‘American Revolutionary: The Evolution of Grace Lee Boggs’ Review

grace lee boggs

To explore the life of Grace Lee Boggs is to explore a multitude of topics about America in the 20th century. That’s what happens when you live for 98 years (and counting!) and don’t let up on your social activism for one second. Learn about Boggs and you learn about the experiences of Asian Americans, African Americans, feminists, Marxists, writers, unions and the city of Detroit. Among other things. She not only utterly deserves to be the subject of a documentary, but she could have been one several times over through the years, a one-woman Up series.

As the title of American Revolutionary: The Evolution of Grace Lee Boggs suggests, biographing Boggs means chronicling a continuing evolution of character. She was the daughter of a restaurant owner but would grow up to study at Barnard and Bryn Mawr. She became involved in leftist causes after a combination of institutional sexism and racism kept her out of the academic positions she deserved. For decades, she was a dedicated Marxist and rabble-rouser, working alongside her husband James Boggs. Over time, though, her perspective shifted to a more complicated view of what revolution entails. Her changing reads not as a radical softening over time due to weariness but as an honest result of constant reevaluation and self-reflection.

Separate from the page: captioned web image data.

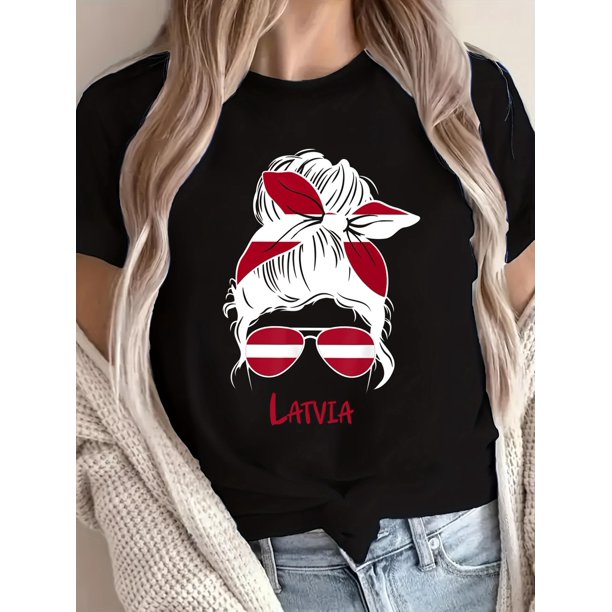 Camiseta de moda para mujer, camiseta informal de cuello redondo para mujer, estampado "Letonia con gafas de moda", camisetas deportivas de manga corta de moda e informales para primavera y verano, ca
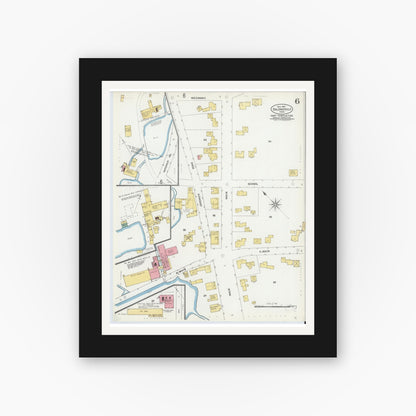 Old map wall art mockup — black gallery frame with white mat — Sanborn Fire Insurance Map from Baldwinville, Worcester County, Massachusetts (1905), Sheet #0006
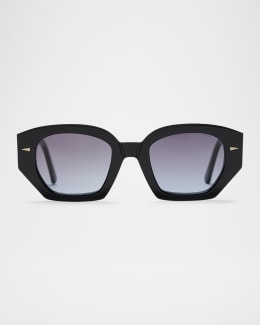AHLEM Villette Acetate & Nylon Rectangle Sunglasses | Neiman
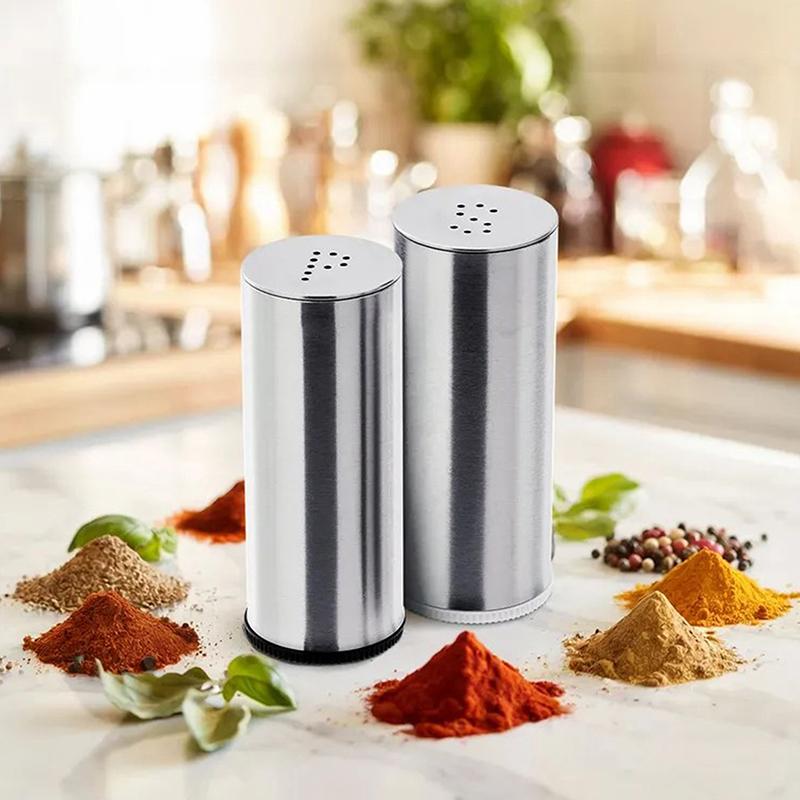 2Pcs Spice Shaker Set For Kitchen Home Use Fine Mesh Salt Shaker Pepper Dispenser Portable Condiment Container Easy Control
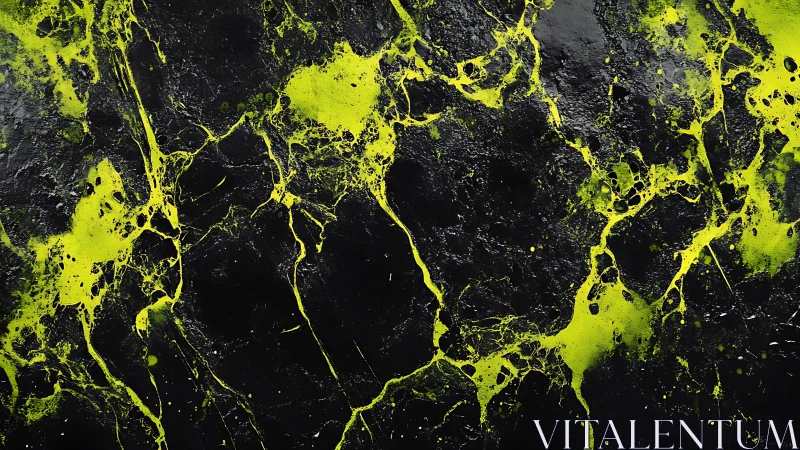 Neon fissures crawl like electric veins across cosmic tar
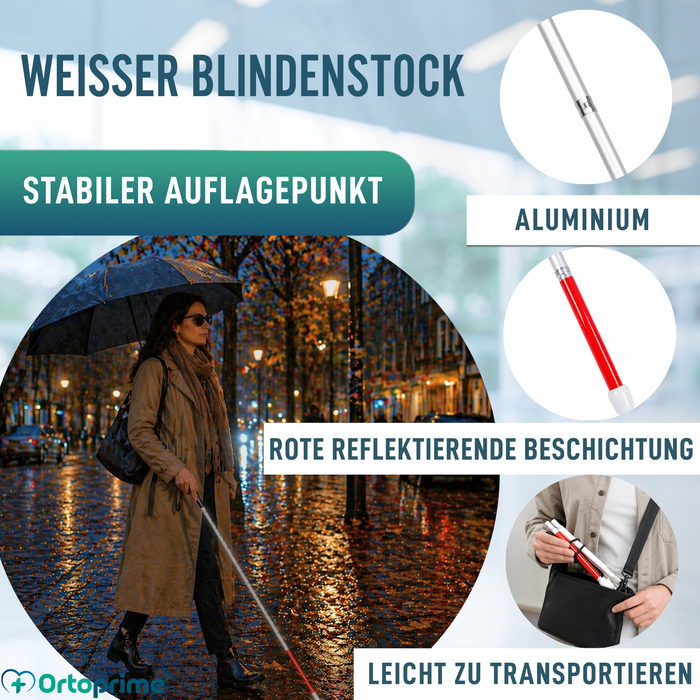 Faltbarer Blindenstock aus Aluminium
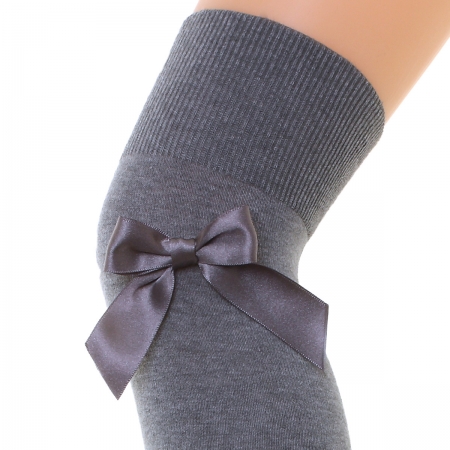 Dorian Gray Girls Over Knee High Grey Socks Satin Bows #2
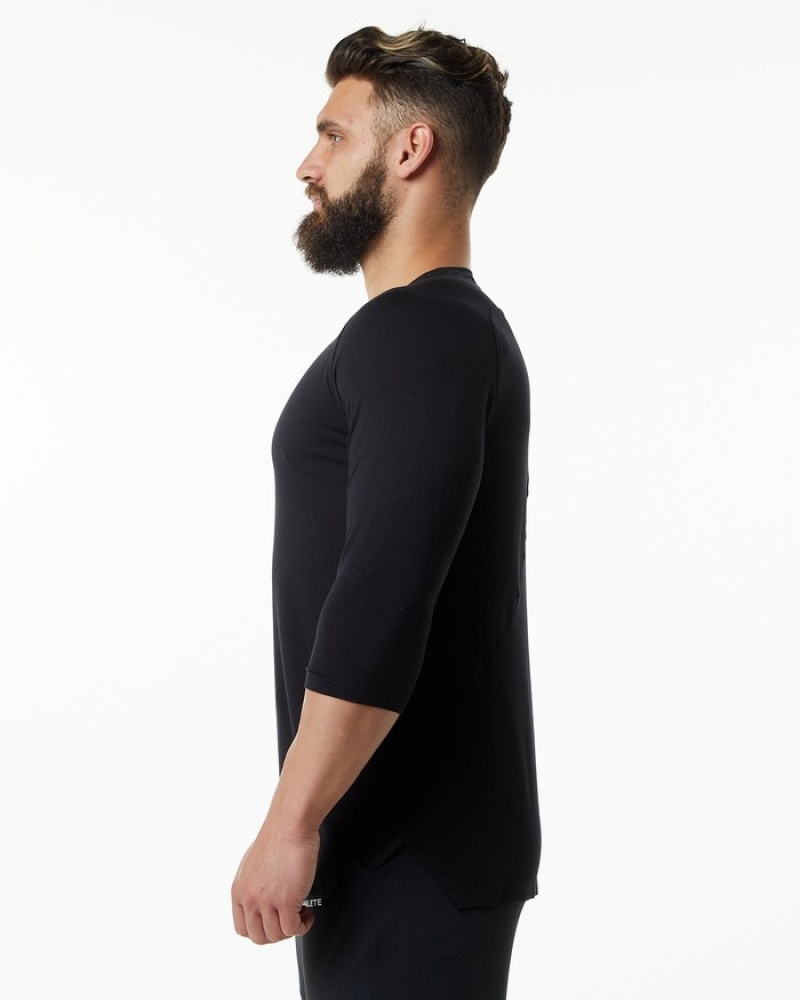 Alphalete Evo 3/4 Sleeve Overhemd Heren Zwart | 09MUXAVGO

That’s the central message of American Revolutionary, which is as much about what it means to be an open-minded, well-rounded human being as it is about political activism. The movie would fit in well with any educational curriculum, or on a PBS series. It’s informative while still being engaging. Boggs herself impresses as a protagonist, still a firecracker at almost a century old. For female role models, current pop culture puts out paper-thin characters who are meant to be admirable just because they know kung fu. This is a breath of fresh air.

The problem with American Revolutionary is its disinterest in bringing much new to the table. Nothing distinguishes the film from any of the hundreds of other biographical docs made about historical movers and shakers. I get the feeling that one would do much better for themself by reading one of Boggs’s philosophical or political books than by watching the movie about her. The same could be said for even the best of docs about similar subjects, but the key is not the information a film has to impart, but what it can contribute that other forms of media can’t. If it does not do this, then what is the point of sitting down to watch when one could learn the same facts by scanning a Wikipedia page?

American Revolutionary is a disappointingly ordinary movie about an extraordinary person. Still, it’s good that something has come along that will draw some attention back to Boggs, and to the causes for which she still agitates. A lifelong resident of Detroit, the city’s hollow status seems to act as a metaphor for her standing alone at the end of her days. But there’s still a spark left in Detroit, and there’s still a spark in Boggs. I just wish her movie had let me better feel the way she does.